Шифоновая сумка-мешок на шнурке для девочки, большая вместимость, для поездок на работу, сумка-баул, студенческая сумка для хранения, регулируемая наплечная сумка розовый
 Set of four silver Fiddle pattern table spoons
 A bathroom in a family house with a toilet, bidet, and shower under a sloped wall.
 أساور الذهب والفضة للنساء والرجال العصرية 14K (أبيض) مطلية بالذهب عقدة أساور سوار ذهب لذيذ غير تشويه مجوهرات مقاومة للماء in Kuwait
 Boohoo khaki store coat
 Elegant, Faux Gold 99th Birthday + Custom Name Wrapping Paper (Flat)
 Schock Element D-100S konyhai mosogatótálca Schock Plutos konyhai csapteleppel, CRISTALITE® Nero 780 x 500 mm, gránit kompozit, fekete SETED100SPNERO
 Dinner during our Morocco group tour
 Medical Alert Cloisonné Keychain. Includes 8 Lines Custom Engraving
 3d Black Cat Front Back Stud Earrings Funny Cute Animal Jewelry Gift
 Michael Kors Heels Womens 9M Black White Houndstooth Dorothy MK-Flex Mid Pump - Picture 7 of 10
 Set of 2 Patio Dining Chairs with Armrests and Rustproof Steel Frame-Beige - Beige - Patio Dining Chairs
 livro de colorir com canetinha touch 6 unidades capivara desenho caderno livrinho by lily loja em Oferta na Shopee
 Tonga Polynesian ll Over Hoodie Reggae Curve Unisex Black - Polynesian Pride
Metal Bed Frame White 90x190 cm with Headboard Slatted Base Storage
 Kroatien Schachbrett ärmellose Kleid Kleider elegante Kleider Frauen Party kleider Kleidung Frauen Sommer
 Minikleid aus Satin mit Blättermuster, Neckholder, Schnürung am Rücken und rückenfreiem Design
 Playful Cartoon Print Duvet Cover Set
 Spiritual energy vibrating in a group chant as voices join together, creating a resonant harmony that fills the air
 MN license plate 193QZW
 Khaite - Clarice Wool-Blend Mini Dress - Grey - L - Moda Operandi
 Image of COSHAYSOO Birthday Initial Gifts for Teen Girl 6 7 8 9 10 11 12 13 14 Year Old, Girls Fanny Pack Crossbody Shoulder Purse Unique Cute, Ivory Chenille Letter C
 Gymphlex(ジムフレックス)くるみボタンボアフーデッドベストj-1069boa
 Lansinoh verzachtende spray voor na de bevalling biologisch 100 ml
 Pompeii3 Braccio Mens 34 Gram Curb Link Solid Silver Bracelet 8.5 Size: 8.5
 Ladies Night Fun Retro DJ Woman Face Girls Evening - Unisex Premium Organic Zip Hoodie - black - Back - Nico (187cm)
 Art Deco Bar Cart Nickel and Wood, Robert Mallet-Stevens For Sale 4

-- EXERCISE PROMPT --
A word-for-word copy of the lines above from the one with "Minikleid aus Satin" through the one with "MN license plate 193QZW", inclusive, is the only output wanted.

-- TASK RESULT --
 Minikleid aus Satin mit Blättermuster, Neckholder, Schnürung am Rücken und rückenfreiem Design
 Playful Cartoon Print Duvet Cover Set
 Spiritual energy vibrating in a group chant as voices join together, creating a resonant harmony that fills the air
 MN license plate 193QZW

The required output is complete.